PROVIDED MATERIAL:
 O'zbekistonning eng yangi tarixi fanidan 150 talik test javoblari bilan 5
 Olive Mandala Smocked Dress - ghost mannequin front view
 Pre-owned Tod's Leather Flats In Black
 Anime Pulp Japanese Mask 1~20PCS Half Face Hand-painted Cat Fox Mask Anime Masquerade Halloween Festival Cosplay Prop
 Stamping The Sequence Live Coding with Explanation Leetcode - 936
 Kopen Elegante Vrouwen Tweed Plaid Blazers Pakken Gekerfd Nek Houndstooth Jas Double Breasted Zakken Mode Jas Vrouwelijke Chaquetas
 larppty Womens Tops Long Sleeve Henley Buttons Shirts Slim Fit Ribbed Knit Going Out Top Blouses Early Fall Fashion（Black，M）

WHAT TO PRODUCE:
Extract each line from the entries above that contains the string "Black".

REPLY:
 Pre-owned Tod's Leather Flats In Black
 larppty Womens Tops Long Sleeve Henley Buttons Shirts Slim Fit Ribbed Knit Going Out Top Blouses Early Fall Fashion（Black，M）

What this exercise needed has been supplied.